1892.2.1(明治25)〜 1960.11.19(昭和35)

大正・昭和期の社会事業家、政治家、女性初の参院議員

埋葬場所: 22区 1種 68側 1番

 山口県吉敷郡山口町(山口市)出身。植田久之丞の二女として生まれる。旧姓は植田。
 1914(T3)奈良女子高等師範学校博物家事部卒業し、母校の助教諭となる。'20〜'23 大原社会問題研究所で児童保護問題を研究。研究員として櫛田民蔵や志賀多恵子(旧姓は渡辺:25-1-76-1)らと活動をした。
 '22 翌年より施行される旧少年法制定に伴い、文部省・司法省の嘱託としてアメリカに派遣され、社会教育、少年保護事業などを研究した。また矯正保護や犯罪予防の世界会議に出席。帰国後、東京少年審判所で日本最初の婦人保護司に就任した。'26 退職、翌年、35歳の時に、前妻の その(同墓)を亡くされた49歳の宮城長五郎(同墓)の後妻として結婚。年の差は14歳。二人の間には寅二郎(同墓)を儲けたが、4才で亡くしている。'42(S17)夫とも死別。
 戦後、'47.4.20(S22)第1回参議院議員通常選挙に全国区から出馬し初当選。戦前は衆議院と貴族院からなる帝国議会であるが、戦後は立法機関として衆議院と参議院からなる国会にかわった。そのためこの選挙が参議院の初めての選挙であり、かつ女性も立候補ができ、国民の成人男女が投票できる選挙。この選挙で女性初の参議院議員となった。なお参議院は250の議席に対してタマヨを入れて10名の女性議員が誕生している。
 参議院選挙よりも一年前に、'46 戦後初の衆議院議員選挙が行われ、日本で初めて39名の女性国会議員が誕生しているため、女性政治家(女性初の代議士)としては衆議院の方が早い。ただし衆議院選挙は大日本帝国憲法下の最後の帝国議会選挙であり、現在の日本国憲法下としての選挙は参議院からであり、かつ参議院自体の初の選挙である。
 参議院議員となったタマヨは緑風会に所属。

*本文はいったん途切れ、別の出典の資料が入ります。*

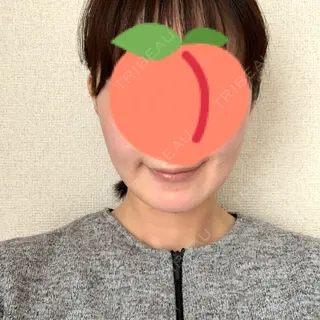 1日目の経過画像（1枚目）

第3回選挙にも当選し参議院議員を二期つとめた。任期中、婦人・青少年問題の解決に尽力したほか、'56 売春防止法成立の有力な推進者の一人として活躍。また、'52 破壊活動防止法案の審議で「扇動条項」の削除を強く主張した。
 この間、中央青少年問題協議会委員、売春対策審議会委員、更生保護審議会委員、司法保護協会理事、日本女子社会教育会理事、共立女子大学評議員、参議院図書館運営委員長などを務めた。
 '57 イギリスでウェストミンスター寺院のチャイムベルに示唆を得、全国六四ヵ所の少年院と婦人補導所に「母の鐘」を寄贈することを決意。私財を投じて、'59 成し遂げた。主な著書に『台所の心』(1944)、『私の歩み−−続 台所の心』(1952)などがある。享年68歳。

<日本女性人名辞典>
<現代日本朝日人物事典>
<人事興信録など>


墓所 墓誌

*墓石は和型「宮城長五郎 / 室 タマヨ 之墓」、裏面「昭和十八年六月吉日 宮城タマヨ 建之」、右面に二人の戒名と没年月日が刻む。宮城長五郎の戒名は顯正院殿法哲義光大居士。タマヨの戒名は華鏡院殿法雲明珠大姉。墓石右側に並んで「為宮城長五郎家各霊菩提」と刻む宝篋印塔が建つ。また宮城長五郎とタマヨの戒名が左右に刻む。右面に長五郎の前妻の宮城その(T15.8.10・行年50:東洋拓殖総裁の吉原三郎の叔母にあたる)、長五郎とタマヨの子息の宮城寅二郎(S4.6.5・行年4才)が刻む。裏面「昭和十八年六月吉祥日建之 / 吉祥 / 昭和十八年六月二十五日建之」と同じような刻みが並び、「功徳主 宮城タマヨ」と刻む。墓所左側に「宮城長五郎君顕彰碑」と題した碑が建ち、宮城長五郎の略歴などが刻む。文章最後に「昭和十六年六月」とあり、篆額は阿部信行、撰文は鹽野季彦であることが刻む。また裏面「宮城長五郎氏顯彰會」の刻みもある。